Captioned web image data
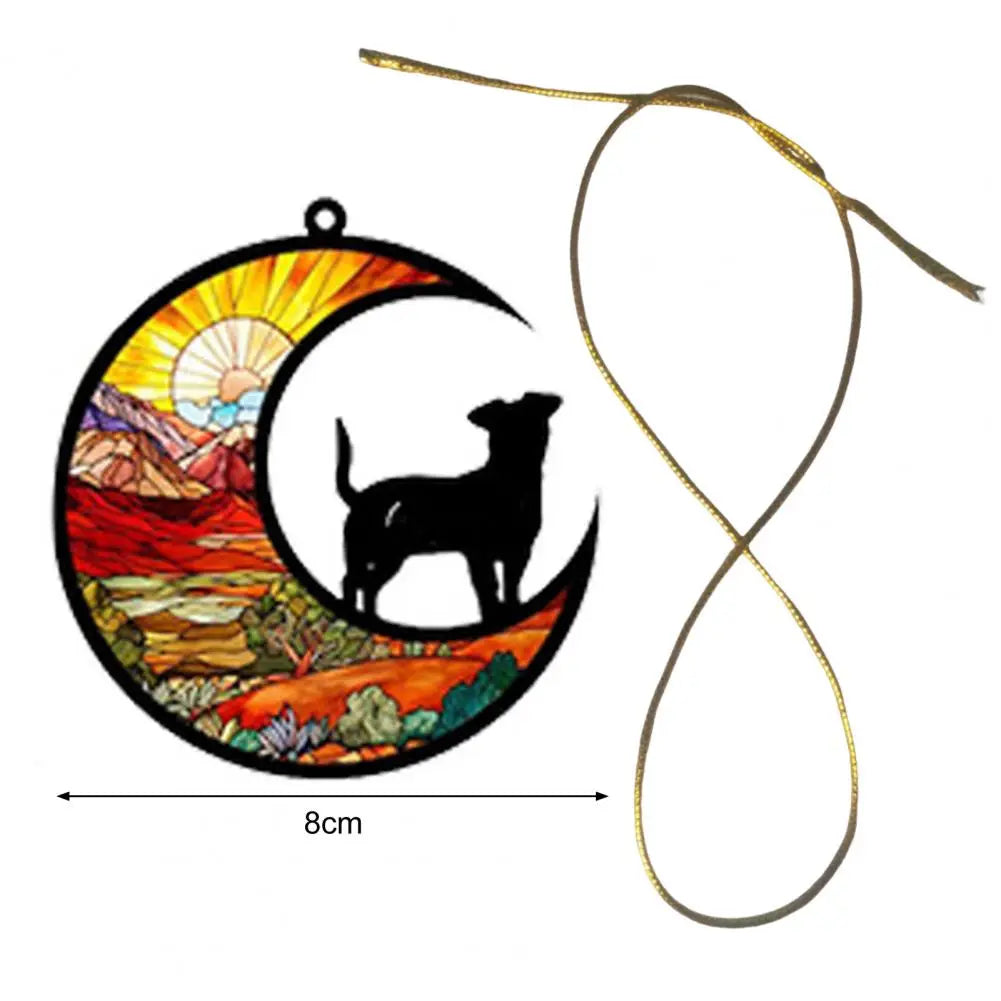 Dog Memorial Suncatcher With Lanyard Personalized Handcrafted Pet Loss Sun Catcher Hanging Pendant Sympathy Gift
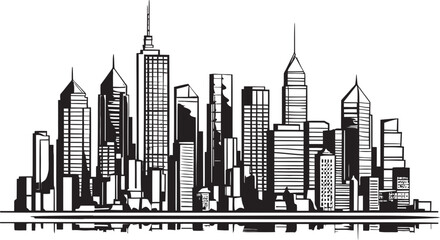 Fototapeta premium Line Drawing of Cityscape Building Logo Cityscape Outline Art Urban Scene Design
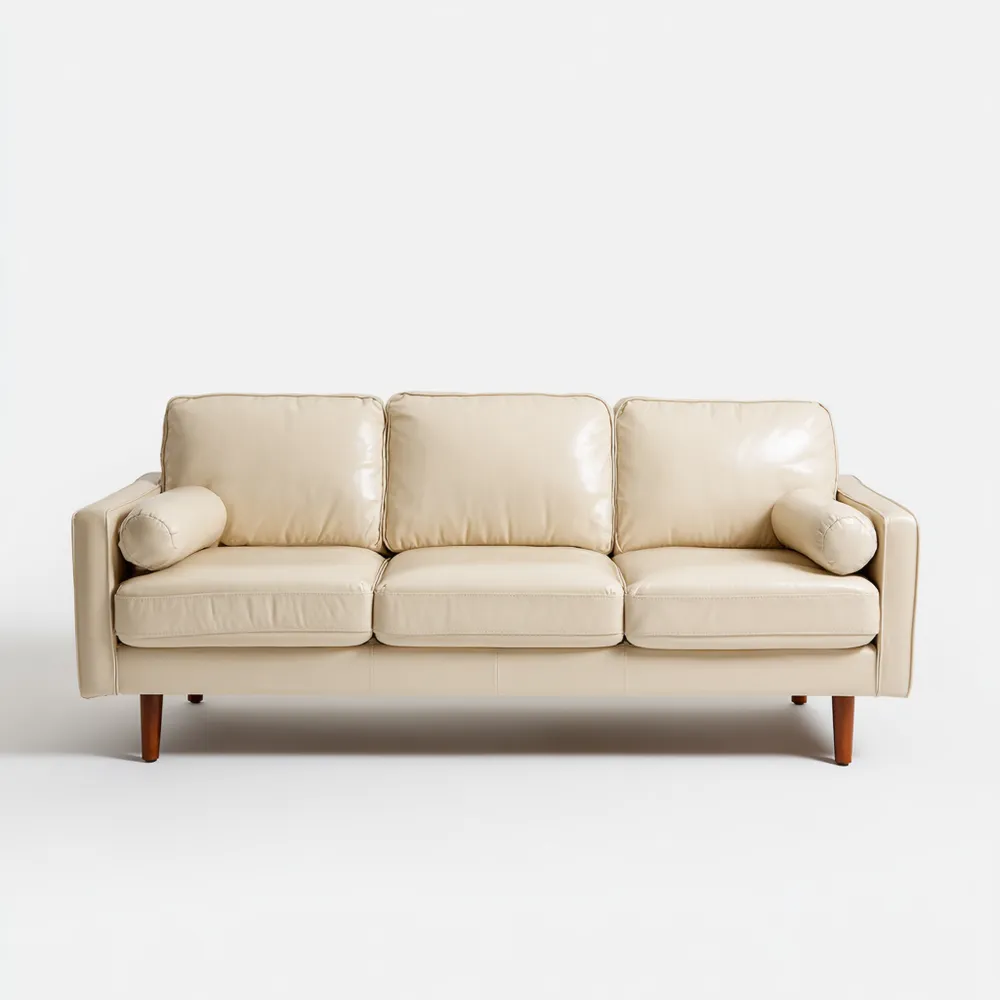 Canapé 3 places en cuir 200x85x75 cm - Beige - Design moderne
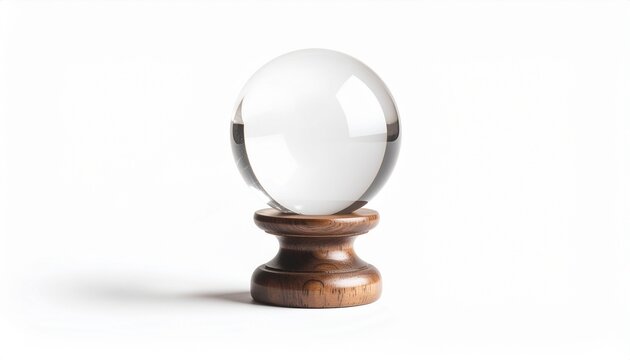 Crystal ball on wooden stand isolated on white background for fortune telling, divination, mysticism, psychic reading, magic and esoteric concepts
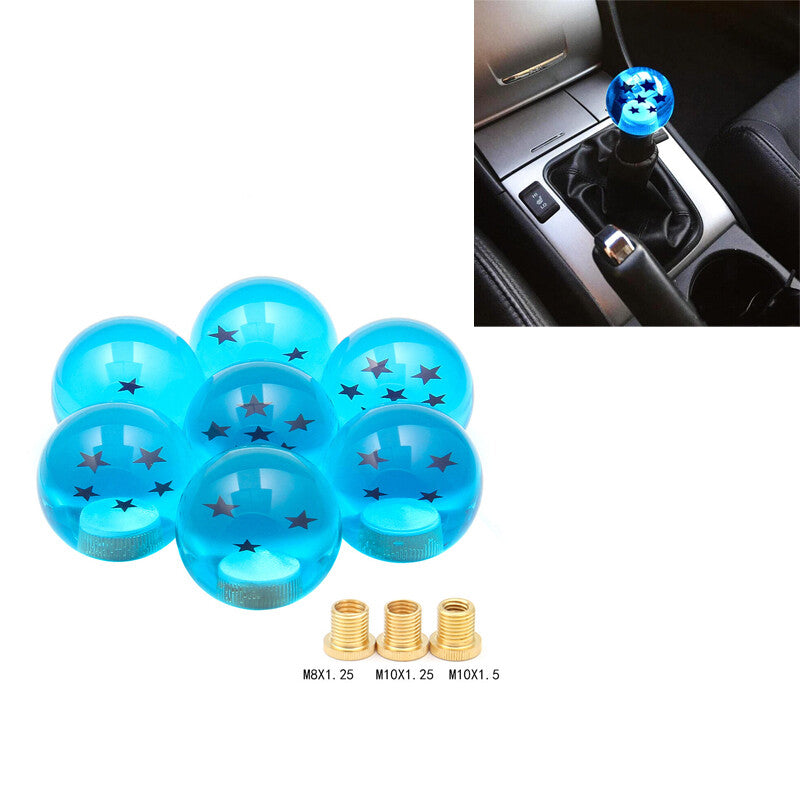 ya 11 6.5 Blue Dragon Ball Shift Knob W/ 3 Adapter Universal for MAN ual Transmission 1-7 Star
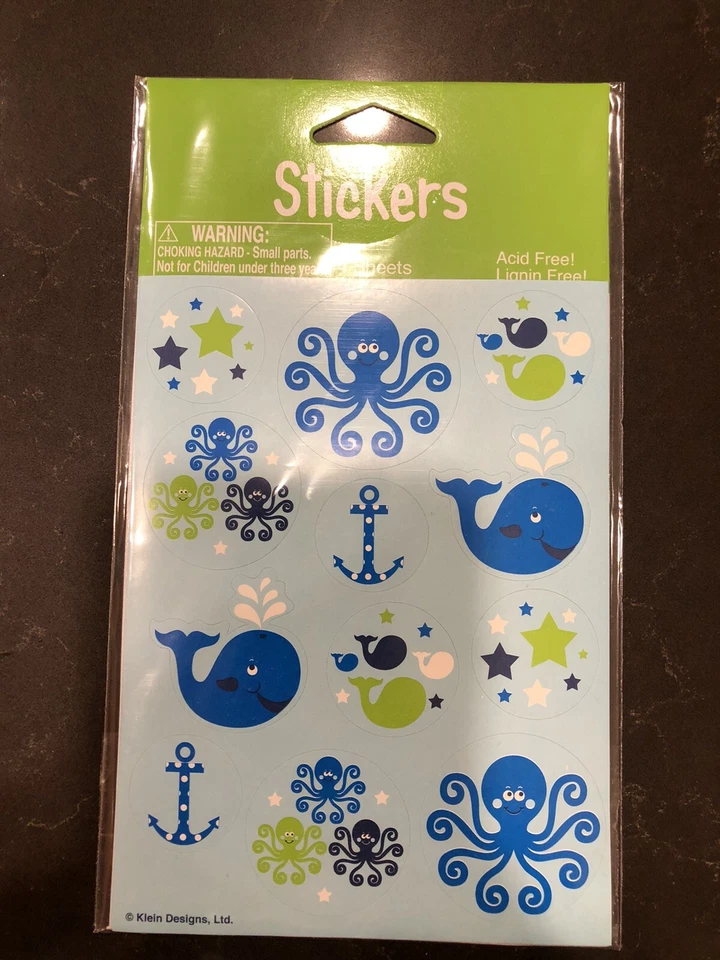 4 sheets of STICKERS blue WHALES OCEAN PREPPY WITH OCTOPUS ANCHORS AND STARS NEW - Image 2 of 2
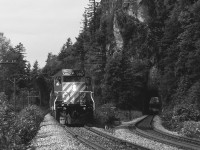 CP 5867, headed east and just out of the tunnel. The train will pass through Agassiz next as it heads for the Fraser Canyon and beyond. 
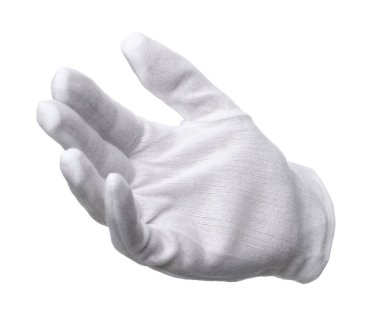 El bez eldivenle izole edilmiş beyaz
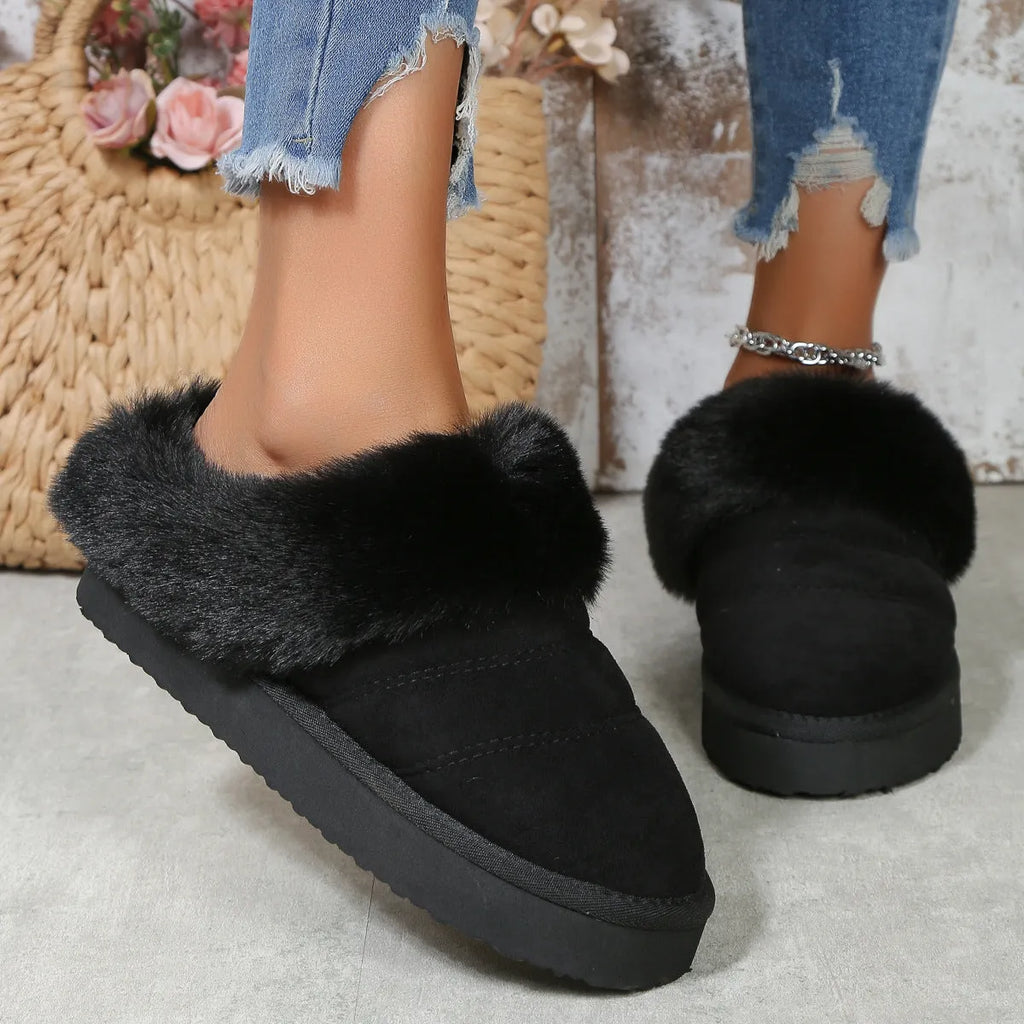 Women's winter plush slippers in solid colour, thick cotton sole with chunky heel, rubber outsole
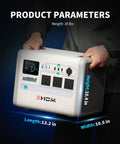Person holding 1024Wh LiFePO4 Portable Power Station With 1650W Continuous Power, displaying its dimensions and features.
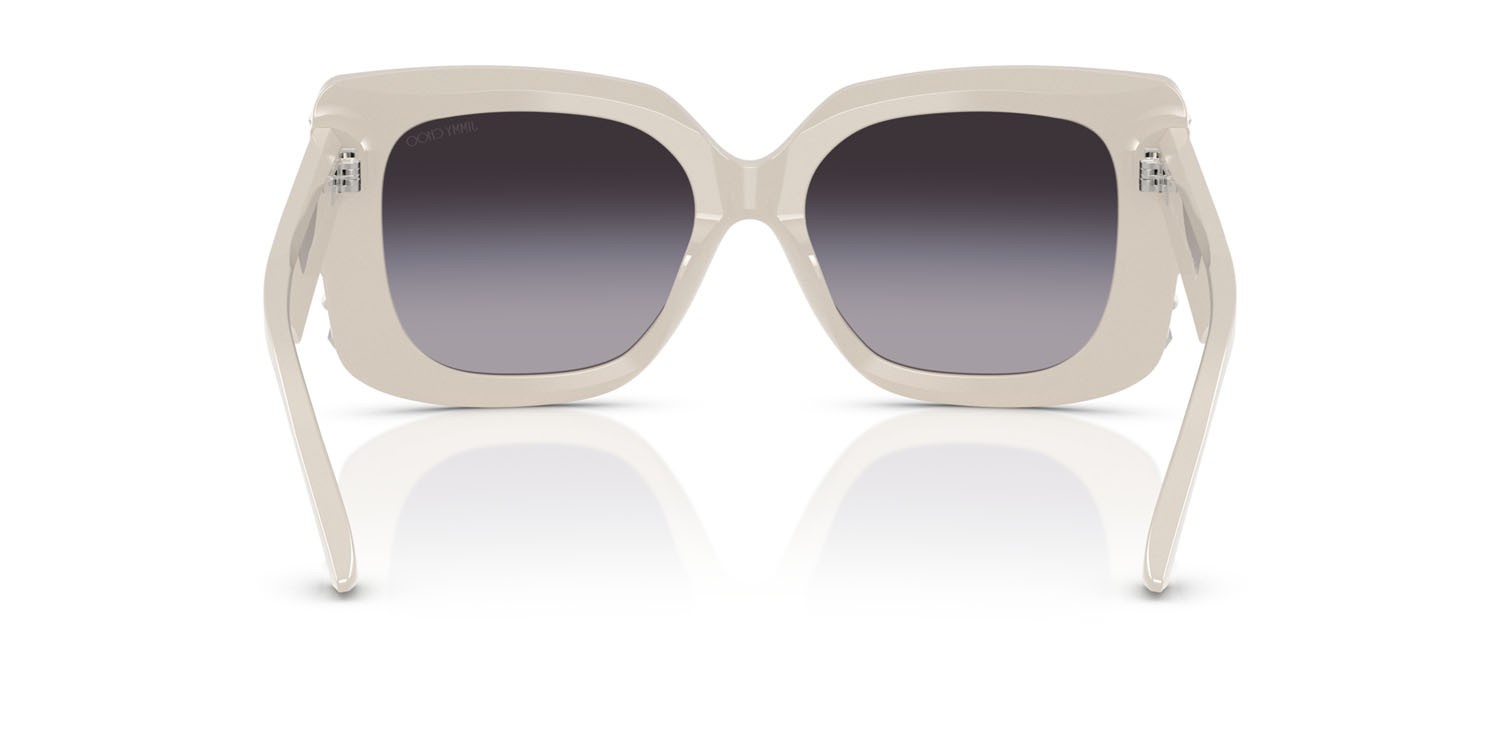 Occhiali da sole Jimmy Choo JC 5025H (50088G) colore bianco latte forma farfalla lenti grigio sfumato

How to complete this task: Would you set down only the lines above from the line with "Canapé 3 places" to the line with "ya 11 6.5 Blue", both included, exactly as they stand and without the pictures?

Solution below:
 Canapé 3 places en cuir 200x85x75 cm - Beige - Design moderne
 Crystal ball on wooden stand isolated on white background for fortune telling, divination, mysticism, psychic reading, magic and esoteric concepts
 ya 11 6.5 Blue Dragon Ball Shift Knob W/ 3 Adapter Universal for MAN ual Transmission 1-7 Star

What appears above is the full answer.